Pour un New Deal écologique par R. Lion

Publié le par Grand Paris

TRIBUNE LIBRE
LIBERATION 28/04/09

Robert Lion président de Greenpeace.

On parle encore, soixante-quinze ans après, de la manière dont le New Deal amorça, pour les Etats-Unis, la sortie de la «Grande Dépression». Que dira-t-on dans quelques décennies de ce qui aura été fait par nos gouvernements pour juguler la crise économique des années 2008-2009 ?

Un mot fera surface : «relance». Ah oui ! Ils voulaient relancer leur vieux modèle économique sans voir l’évidence : ce modèle allait conduire à de nouvelles impasses. Car relance rimait avec croissance, c’est-à-dire avec la religion dominante de ce début de siècle.

Plus grave, ils n’avaient en tête, parlant de «la crise», que des dérèglements de la finance et les ravages douloureux qu’elle avait entraînés sur l’activité et sur l’emploi. Nous voyons bien, dira-t-on avec le recul, que cette crise-là n’était qu’une face de l’effondrement d’un système. Rappelons-nous : début 2008, on ne parlait que des «émeutes de la faim», nées pour une bonne part de la spéculation sur les produits alimentaires. Quelques mois plus tard, les économies avaient pris le choc d’un pétrole à près de 150 dollars [115 euros] le baril. On commençait à mesurer l’ampleur d’une autre crise : les effets sur la santé de l’environnement et d’une alimentation dévoyée. Puis 2009, c’était encore l’an de Copenhague, qui restera aussi fameux que Kyoto ; et nous savons bien, pensera-t-on en 2050, que rien n’était plus dramatique que le dérèglement du climat. Rien n’aurait dû être fait sans prendre en compte cette priorité.

Ils voyaient mal, les gouvernants de 2008 et 2009, que ces «crises» étaient liées. Ils avaient, ici ou là, des sensibilités écologiques, comme en France avec le Grenelle de l’environnement. Mais face à la déroute financière, les belles intentions et les beaux discours étaient restés à la porte des débats.

Pourtant, l’opportunité est là d’amorcer la reconstruction d’un autre modèle économique et social. Les décisions de Londres sont pertinentes, si elles sont effectivement appliquées. Elles ont un air de gouvernance globale, après des mois d’actions nationales dispersées et souvent contradictoires. Mais elles visent à assainir à la marge un schéma économique et financier qui a montré ses limites et qui est à l’origine des autres grandes crises de notre temps, toutes liées entre elles. Le G20 a replâtré le modèle d’hier. Il n’a rien initié de neuf.
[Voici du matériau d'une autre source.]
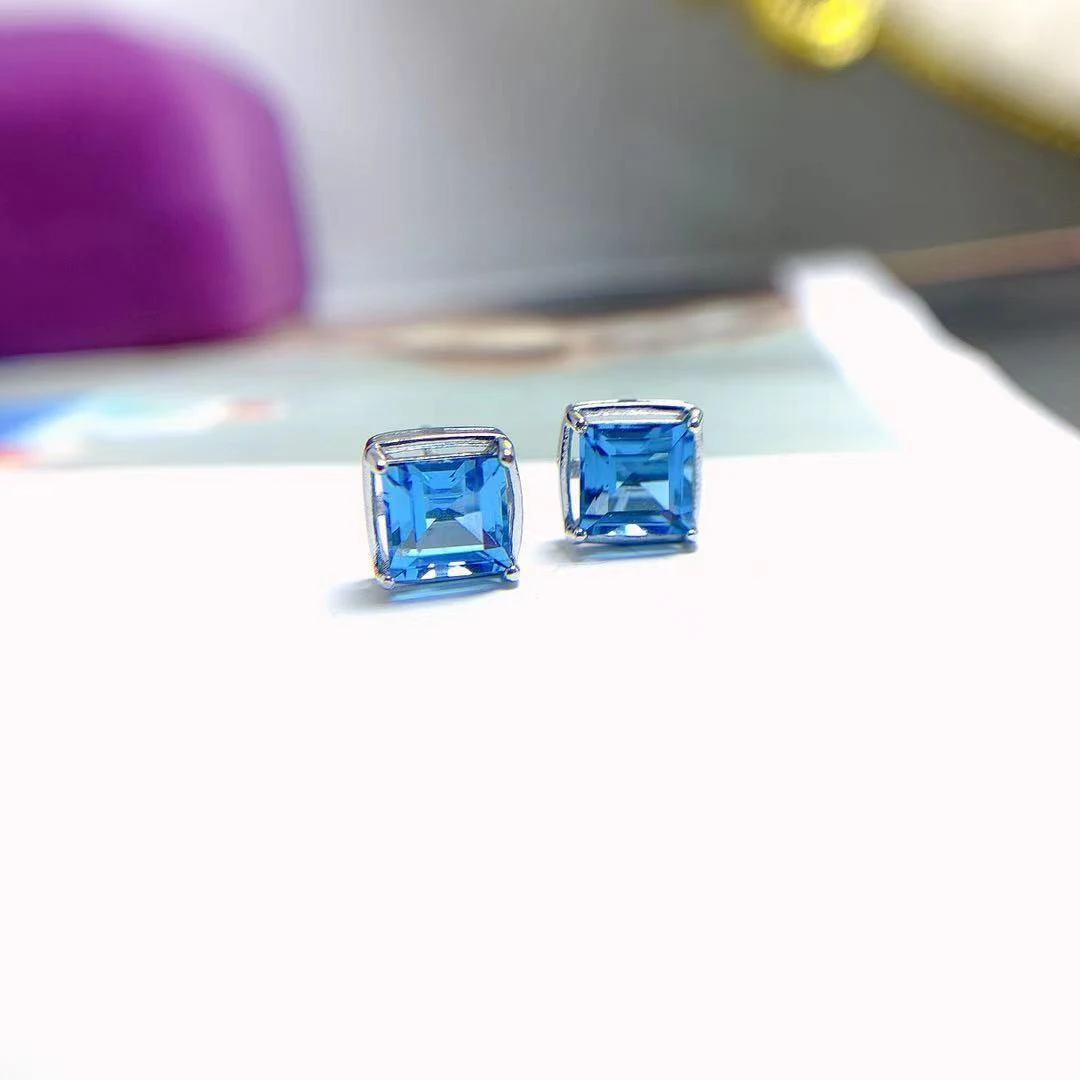 Brincos de topázio azul simples e naturais Asche prata 925 incrustada, perfeitos para adicionar um toque de cor e sofisticação. — foto 2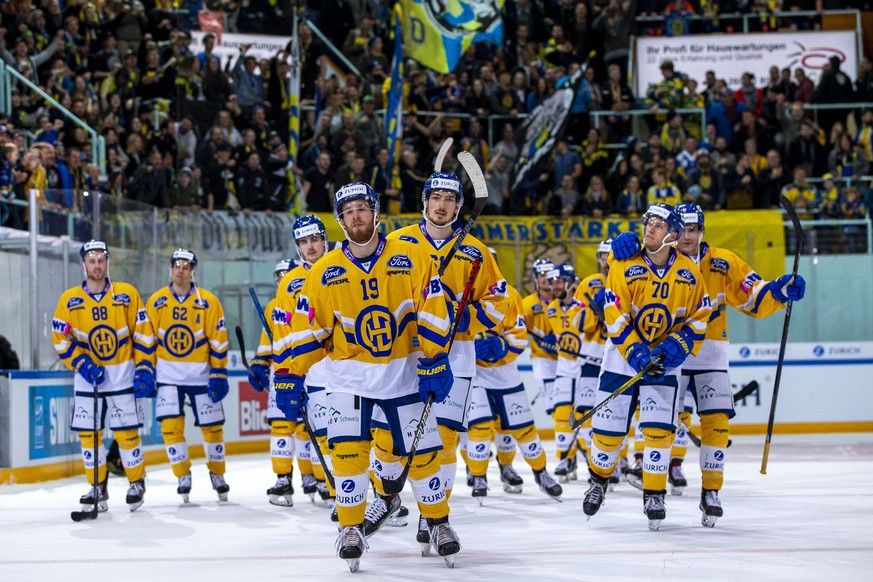 HC Davos Stuermer Marc Aeschlimann und seinem Mitspieler auf dem Weg in die Garderobe nach dem Sieg im Halbfinal des Swiss Ice Hockey Cups 2019/20 zwischen den SC Rapperswil-Jona Lakers und dem HC Dav ...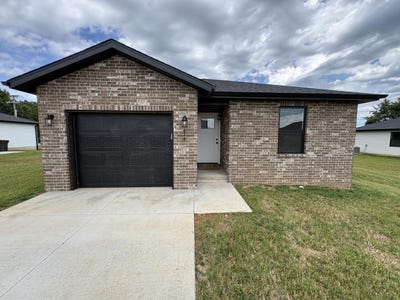 /international/us/414-n-cherokee-trail-clever-mo-110108827956/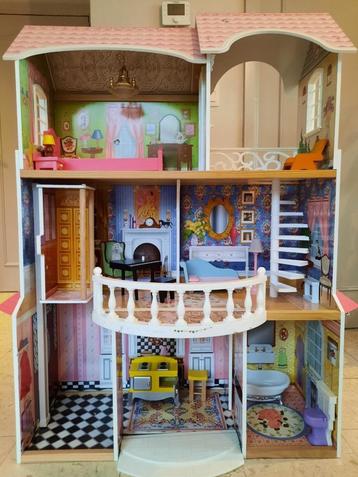Poppenhuis van hout beschikbaar voor biedingen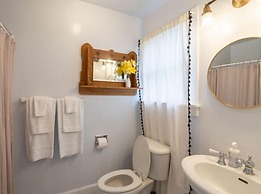 Dennen's Victorian Farmhouse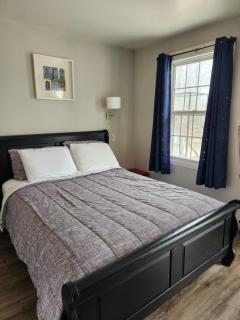 Covered Bridge Inn & Suites - 8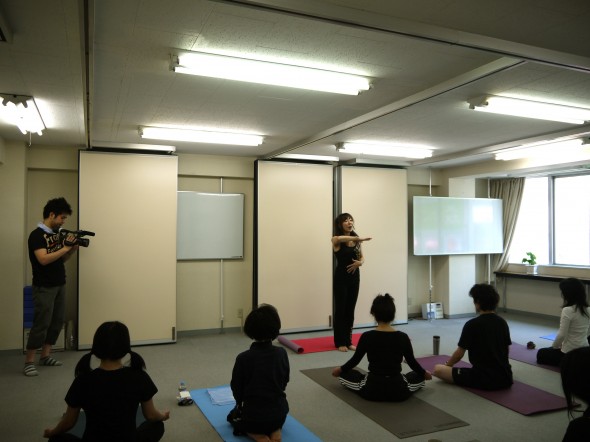 こんな状況でも皆さん、ご自分のヨガをされています！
Concrètement, deux séries d’orientations doivent être prises.

D’abord, des mesures réalistes, telles que l’obligation faite aux banques de prendre progressivement en compte l’empreinte écologique des entreprises et des projets qu’elles financent ; ou bien la promotion de règles comptables intégrant les externalités écologiques et sociales ; ou l’orientation de la fiscalité vers l’affichage d’un «signal prix» sur les activités polluantes ; également une réorientation de notre agriculture, surtout vers le bio - ce qui est particulièrement nécessaire en France, pays agricole où la demande de produits bio ne peut être satisfaite que par l’importation ; et bien entendu, l’inclusion dans la «relance» d’une amélioration vigoureuse de l’efficacité énergétique dans le domaine du bâti, le rattrapage de notre retard sur les industries de l’éolien ou du solaire, l’accélération des infrastructures ferroviaires prévues par le Grenelle de l’environnement pour 2020 ; etc.
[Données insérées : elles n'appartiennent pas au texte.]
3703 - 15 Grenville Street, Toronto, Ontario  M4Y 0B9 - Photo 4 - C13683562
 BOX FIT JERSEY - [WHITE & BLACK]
Ensuite, une vision, qui donne un sens positif, celui du développement durable, à la relance, qui ouvre des horizons et des espoirs, dans une période dépressive à tous égards. On a aperçu, sur ce registre, des signes positifs dans les discours et les premières décisions de Barak Obama ou dans le modèle de «croissance verte» adopté par la Corée du Sud. Pour le reste, on s’est satisfait d’un coup de chapeau à l’écologie, sans application concrète et sans mise en perspective.
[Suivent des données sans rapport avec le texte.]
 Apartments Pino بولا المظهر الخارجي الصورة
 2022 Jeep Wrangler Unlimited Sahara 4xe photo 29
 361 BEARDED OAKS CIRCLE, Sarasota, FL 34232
La «sortie de crise» sera une affaire de long terme. Elle prendra, tôt ou tard, les couleurs du développement durable, dans sa dimension mondiale. Une sortie du rouge par le vert. Elle visera à réduire les inégalités qui mettent le monde en tension et à rétablir une harmonie entre la planète et les hommes, c’est-à-dire à mieux assurer notre survie. La crise économique nous donne une occasion sans précédent de faire un bond en ce sens. Pour le moment, nous n’avons pas su la saisir. Il est urgent de remettre l’ouvrage sur le métier.